Mohon tunggu...
Hendy Kusmarian
Hendy Kusmarian Mohon Tunggu... Administrasi - pemandu medan perang bisnis

http://terobosan.biz.id/pemandu-perang-bisnis/

Selanjutnya

Tutup

Gaya Hidup

Menciptakan Revolusi Rohani Indonesia dari Pernikahan

2 September 2015   15:54 Diperbarui: 2 September 2015   16:04 74
+
Laporkan Konten
Laporkan Akun
Kompasiana adalah platform blog. Konten ini menjadi tanggung jawab bloger dan tidak mewakili pandangan redaksi Kompas.

Kita sudah menerima prinsip bahwa kesejahteraan suatu bangsa tercipta dari kesejahteraan keluarga-keluarga yang membentuk bangsa itu. Dan kesejahteraan suatu keluarga tercipta ketika hubungan-hubungan antar anggota keluarga itu berjalan sesuai hukum-hukum yang ditetapkan Tuhan maupun hukum-hukum sosial yang berkembang menurut keadaan zaman.

Nah, menyangkut hubungan antar anggota keluarga, hubungan terpenting adalah hubungan antara suami dan istri, karena pada inilah bergantung kesejahteraan seluruh keluarga dan dalam jangka panjang kesejahteraan seluruh bangsa. Kaidah pertama yang ditetapkan Allah dalam kaitan ini adalah: dasarkan hubungan ini terutama pada pertimbangan-pertimbangan akhlak, bukan pada pertimbangan-pertimbangan kecantikan, kekayaan, atau keturunan.

Allah memperingatkan anda yang hendak menikah untuk mempertimbangkan pengaruh apa akan dimiliki perkawinan tersebut atas kesucian hidup anda, dan warisan macam apa dalam bentuk anak yang mungkin ditinggalkannya. Rasulullah saw. bersabda, ‘Sebagian orang menikah karena kecantikan, lainnya karena keturunan, dan lainnya karena kekayaan, tetapi kamu harus menikahi wanita saleh dan bertakwa.’ (Bukhari, Kitab-al-Nikah)

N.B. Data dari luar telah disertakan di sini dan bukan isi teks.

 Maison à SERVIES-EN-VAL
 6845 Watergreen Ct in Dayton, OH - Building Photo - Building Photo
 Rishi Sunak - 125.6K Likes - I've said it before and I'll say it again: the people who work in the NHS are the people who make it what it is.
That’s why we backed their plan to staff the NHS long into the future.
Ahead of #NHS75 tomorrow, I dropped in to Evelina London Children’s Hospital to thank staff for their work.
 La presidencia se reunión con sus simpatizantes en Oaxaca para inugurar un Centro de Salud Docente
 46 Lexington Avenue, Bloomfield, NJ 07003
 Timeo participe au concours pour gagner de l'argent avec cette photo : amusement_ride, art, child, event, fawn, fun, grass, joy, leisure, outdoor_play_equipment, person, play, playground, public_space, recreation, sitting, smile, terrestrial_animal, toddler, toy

Ini saja seharusnya menjadi dasar sejati dari perkawinan, dan jika ini tidak diingat dalam pemilihan jodoh, hubungan suami-istri tidak mungkin berjalan mulus dan anak-anak dari perkawinan itu bisa menderita. Kualitas-kualitas akhlak dan intelektual dari kedua orangtua membekas pada anak-anaknya. Ini telah banyak dilukiskan oleh kajian eugenics. Meskipun kesimpulan-kesimpulan yang ditarik oleh para peneliti eugenics tidak selalu bebas dari pembesar-besaran, tidak mungkin ada keraguan bahwa mutu-mutu akhlak dan intelektual orangtua sedikit banyak tecermin pada anak-anak mereka.

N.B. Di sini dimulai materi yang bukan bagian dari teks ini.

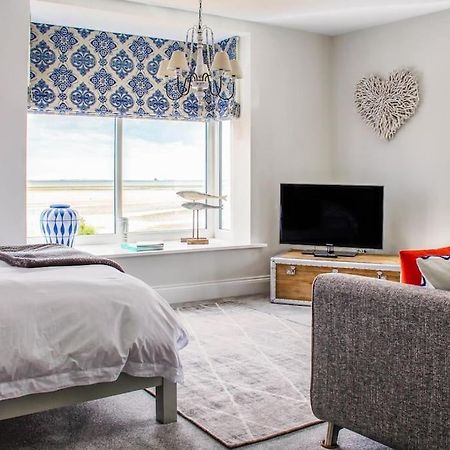 Seafront Apartment With Stunning Views Cleethorpes Eksteriør billede
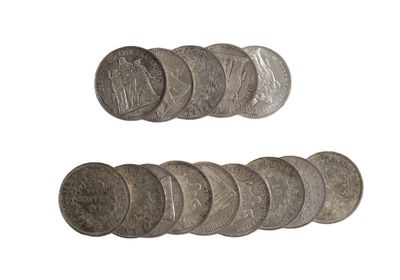 a lot of coins that are on the table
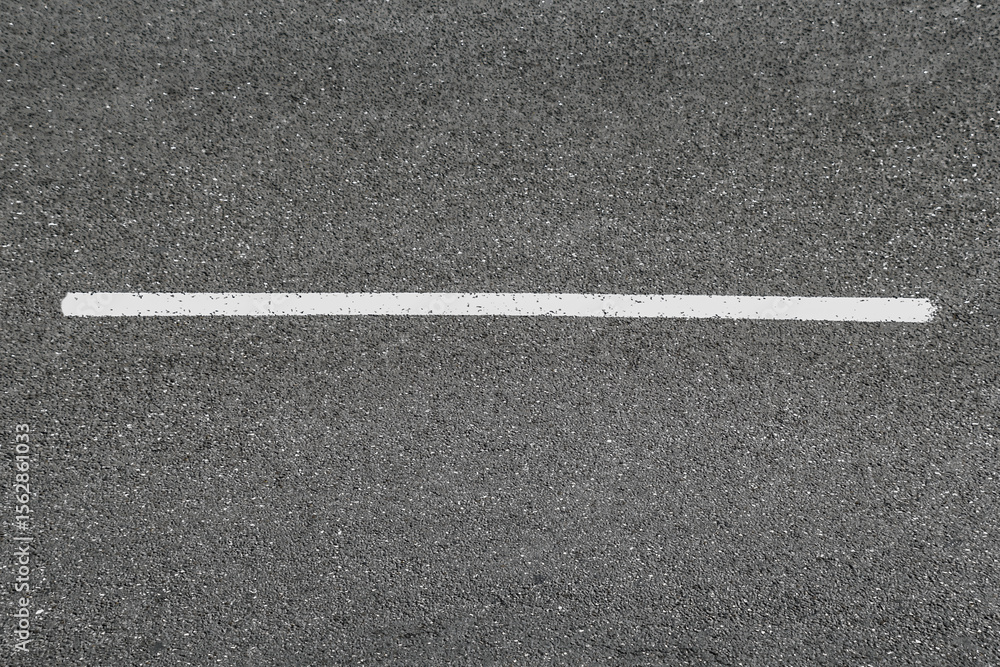 Fototapeta premium Ligne blanche sur asphalte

Karena itu, pemilihan suami atau istri menjadi suatu perkara amat penting. Karena itu, kaidah pertama yang ditetapkan Allah adalah: dalam pemilihan jodoh beri bobot yang lebih besar pada kualitas kepala (otak) dan hati daripada pada keadaan-keadaan luar yaitu penampilan, kekayaan atau keturunan. Allah tidak mencela tiga faktor terakhir ini, tetapi mereka tidak boleh menjadi dasar utama perkawinan. Bila anda tertarik kepada lawan jenis karena ketakwaan, akhlak-akhlak, dan kecerdasannya dan, pada saat yang sama, dia tidak kekurangan dalam penampilan, kekayaan, dan pangkat, perkawinan anda berdua akan teberkati berlipat ganda; namun kecantikan, kekayaan, dan keturunan, dalam sendirinya, bukanlah jaminan kebahagiaan yang langgeng.

Seandainya semua perkawinan didasarkan pada prinsip ini, akan segera ada suatu revolusi akhlak di dunia, dan keturunan dari perkawinan-perkawinan macam ini akan jauh lebih terbuka pada disiplin dan pengembangan akhlak dan rohani.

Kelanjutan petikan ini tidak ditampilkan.